Peñarol hizo varias cosas bien en su visita ante uno de los mejores equipos de la Liga Nacional, pero un triple de Sansimoni en el final lo dejó con las manos vacias. Le queda solo el juego vs Ferro de local.
Peñarol estuvo a una bola de un triunfo enorme en Misiones, pero se quedó con las manos vacías en el cierre: Oberá TC lo ganó 84-81 con un triple con tablero de Bruno Sansimoni sobre la chicharra y, además, selló su clasificación entre los cuatro mejores de la temporada.
El equipo de Leonardo Costa —que fue expulsado en el tercer cuarto— cerró su último juego como visitante en fase regular con un récord de 18-17, quedando ahora a la espera de su ubicación final (11° o 12°).
Luciano Guerra fue la gran figura marplatense con 20 puntos y un impactante 6/11 en triples, bien acompañado por Agustín Pérez Tapia (15) y Facundo Vázquez (10) en un equipo que llegó a estar 15 abajo pero que construyó una remontada con carácter.
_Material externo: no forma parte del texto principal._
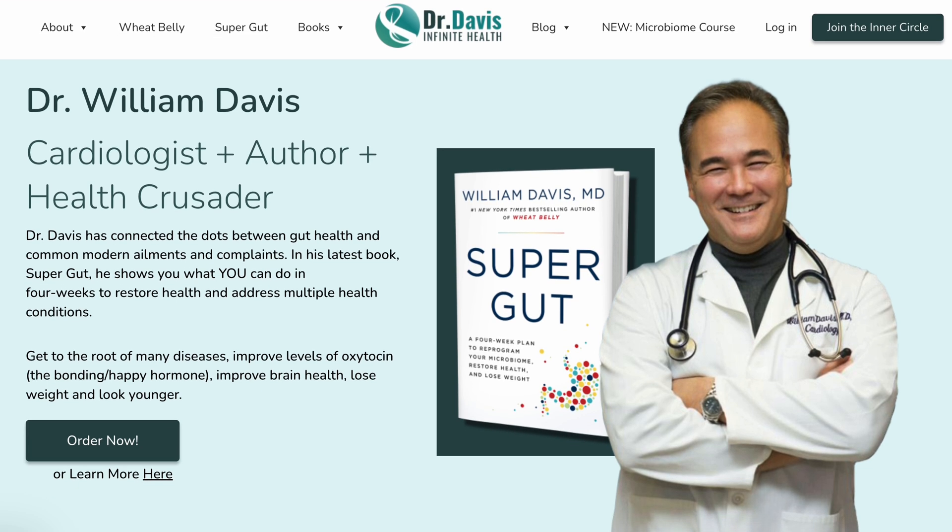Best wishes on your health journey. Dr. Davis has a lot of resources on his website and in his book. I can't say all of his claims are true — I think future research is going to determine that. But this yogurt has definitely helped me. Do your own research and remember to eat real food. I'll see you in the next video.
Del otro lado, Daviyon Dreper dominó la pintura con 16 puntos y 13 rebotes.
El inicio fue todo del local. Con Dreper y Vorhees marcando el pulso cerca del aro, Oberá impuso condiciones desde el arranque y llegó a sacar 11 de máxima. Peñarol empezó a encontrar respuestas desde la defensa y el juego en transición para ir recortando, aunque el primer cuarto se cerró 26-18.
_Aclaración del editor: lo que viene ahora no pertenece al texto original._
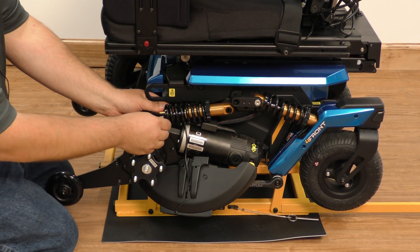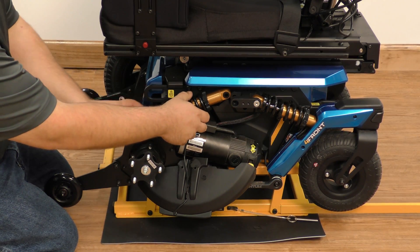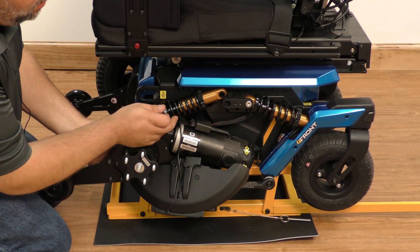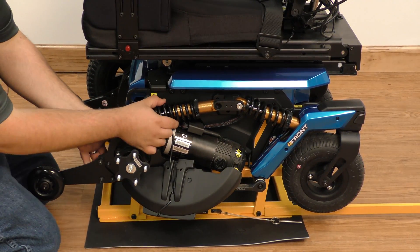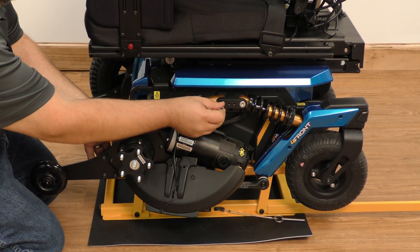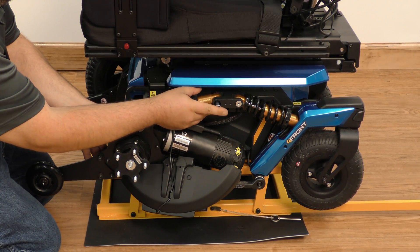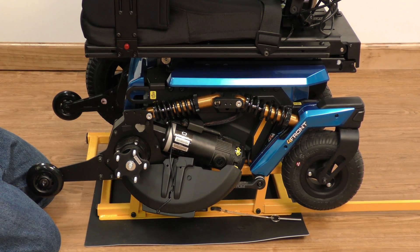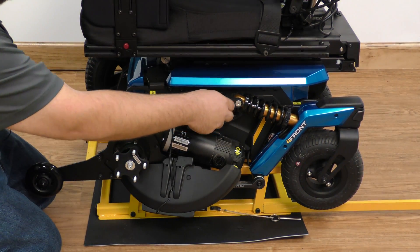We take our pin and put that right in place, then take our second pin. We have to lift up the motor mount to allow the strut to go back into the strut body, and push it right back into place. Then we take our 3mm Allen and pull that screw out.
En el segundo, el conjunto misionero volvió a golpear. La combinación del poder ofensivo extranjero y el impacto defensivo de Lucas Andújar sostuvo la diferencia en doble dígito. La “Peña” amagó con reaccionar, pero Oberá estiró hasta 14 y se fue al descanso largo arriba 47-33, mostrando por qué es uno de los equipos más sólidos del torneo.
El quiebre emocional del partido llegó en el tercer cuarto. En un trámite más trabado y de menor goleo —escenario que favorecía a Peñarol—, una confusa acción arbitral desató el enojo de Leonardo Costa, que terminó descalificado tras dos técnicas. Lejos de caerse, el equipo reaccionó: subió la intensidad defensiva, encontró gol exterior y cerró el parcial con un 8-1 que incluyó un triple de Pérez Tapia para ponerse 62-56 y volver al juego.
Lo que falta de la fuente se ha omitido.